Alex or Juan would shout at Daniel to stop the bus (Daniel is our new driver, who, sadly, doesn’t produce roadside picnics like Julio). The car would screech to a halt and we’d frantically tumble out of the car, trying to keep up as the birds were named one after another.

These mixed species flocks are head-spinning stuff and it has become pretty clear on this trip that every bird takes me about 4 seconds longer to lock onto than it does Garret, so my mini-FOMO levels are incrementally growing with each bird we see. It may be the fact that I’m also trying to photograph everything that moves but it’s far more likely that I’m just a bit slow. As a result, it’s high anxiety stuff, this birding.

Unstreaked Tit-tyrant (endemic)

Great Thrush

Streaked Tuftedcheek

Masked Flowerpiercer

Golden-collared Tanager

Cuzco Brush-finch (endemic)

Pearled Treerunner

Marcapata Spinetail (endemic)

Marcapata Spinetail (endemic)

Puna Thistletail

It took us the entire morning to work our way down to a little town where a friend of Juan’s has built a lodge for birders. A few years back Juan spent some time at his house and noticed there was a resident Swallow-tailed Hummingbird mooching around the flowers and so it became the first reliable site in Peru for it, attracting birders to the garden. We were headed there to see it. And see it we did. It was actually way too easy but we appreciated how special it was and it quickly moved to the top of the “Bird of the Day” contender list, despite the four endemics we’d already seen.

Blue-necked Tanager

Red-crested Finch

Swallow-tailed Hummingbird

Yellow-bellied Elaenia

White-bellied Humingbird

Masked Yellowthroat

After spending a very productive two hours in the garden we pointed the car back up the pass and began the long journey back home. One thing you have to steel yourself for on birding trips is a crap load of car time. Today we had plenty.

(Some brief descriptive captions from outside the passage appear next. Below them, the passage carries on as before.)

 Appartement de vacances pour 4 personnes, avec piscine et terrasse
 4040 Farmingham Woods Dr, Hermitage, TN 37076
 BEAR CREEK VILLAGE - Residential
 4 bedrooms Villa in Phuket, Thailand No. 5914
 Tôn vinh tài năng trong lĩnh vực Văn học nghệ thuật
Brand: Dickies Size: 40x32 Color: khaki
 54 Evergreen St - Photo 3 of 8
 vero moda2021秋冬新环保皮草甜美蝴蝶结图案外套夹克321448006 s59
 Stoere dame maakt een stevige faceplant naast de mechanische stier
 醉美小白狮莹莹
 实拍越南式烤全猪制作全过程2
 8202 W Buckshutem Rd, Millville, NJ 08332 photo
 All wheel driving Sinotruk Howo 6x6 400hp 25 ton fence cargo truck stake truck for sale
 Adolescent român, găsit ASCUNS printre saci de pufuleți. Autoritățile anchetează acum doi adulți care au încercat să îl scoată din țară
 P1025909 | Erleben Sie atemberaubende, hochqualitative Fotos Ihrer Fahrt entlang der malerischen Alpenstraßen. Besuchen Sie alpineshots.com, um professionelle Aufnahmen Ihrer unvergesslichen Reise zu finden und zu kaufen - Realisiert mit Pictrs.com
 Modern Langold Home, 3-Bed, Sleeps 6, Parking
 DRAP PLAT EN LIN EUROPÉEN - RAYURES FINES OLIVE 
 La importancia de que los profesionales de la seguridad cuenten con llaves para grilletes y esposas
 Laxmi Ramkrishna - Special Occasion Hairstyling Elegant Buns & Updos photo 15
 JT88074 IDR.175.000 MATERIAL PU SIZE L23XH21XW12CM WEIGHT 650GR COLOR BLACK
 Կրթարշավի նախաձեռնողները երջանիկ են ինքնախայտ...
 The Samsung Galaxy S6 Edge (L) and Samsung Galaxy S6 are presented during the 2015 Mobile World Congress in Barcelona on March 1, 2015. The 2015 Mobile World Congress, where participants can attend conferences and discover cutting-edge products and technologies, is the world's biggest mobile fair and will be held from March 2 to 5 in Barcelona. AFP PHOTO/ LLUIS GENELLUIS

But, we had two very important stops on the way up the pass. We were looking for antpittas. It’s a family of super-elusive and shy birds that can literally drive you to drink. They hop around in the gloomiest forests and hate to be seen. Alex and Juan chose a four hour drive back to Ollantaytambo to try and find two of them.

The first was Red-and-white Antpitta which took a bit of hard work before giving itself up and immediately grabbed top spot in the BOD listing. I’m delighted to report that I actually saw it about 5 seconds before Garret and so I had seven seconds of viewing and he only had two before it vanished into thin air, never to be seen again. Red-and-white Antpitta is an endemic and so it was very important.

And then began the Rufous Antpitta malarkey.

If the Red-and-white Antpitta was shy, this little bastard took things to a whole new level. We visited three separate, and secret, sites and spent more time than you’d think was reasonable, staring into the gloom of bamboo forests looking for any movement to find the damn thing. That’s not the worst of it. At the second site Garret clapped eyes on it and as I moved to look in the direction he was pointing, the stupid thing hopped out of sight. I spent another 20 minutes staring at the same moss-covered log without any success.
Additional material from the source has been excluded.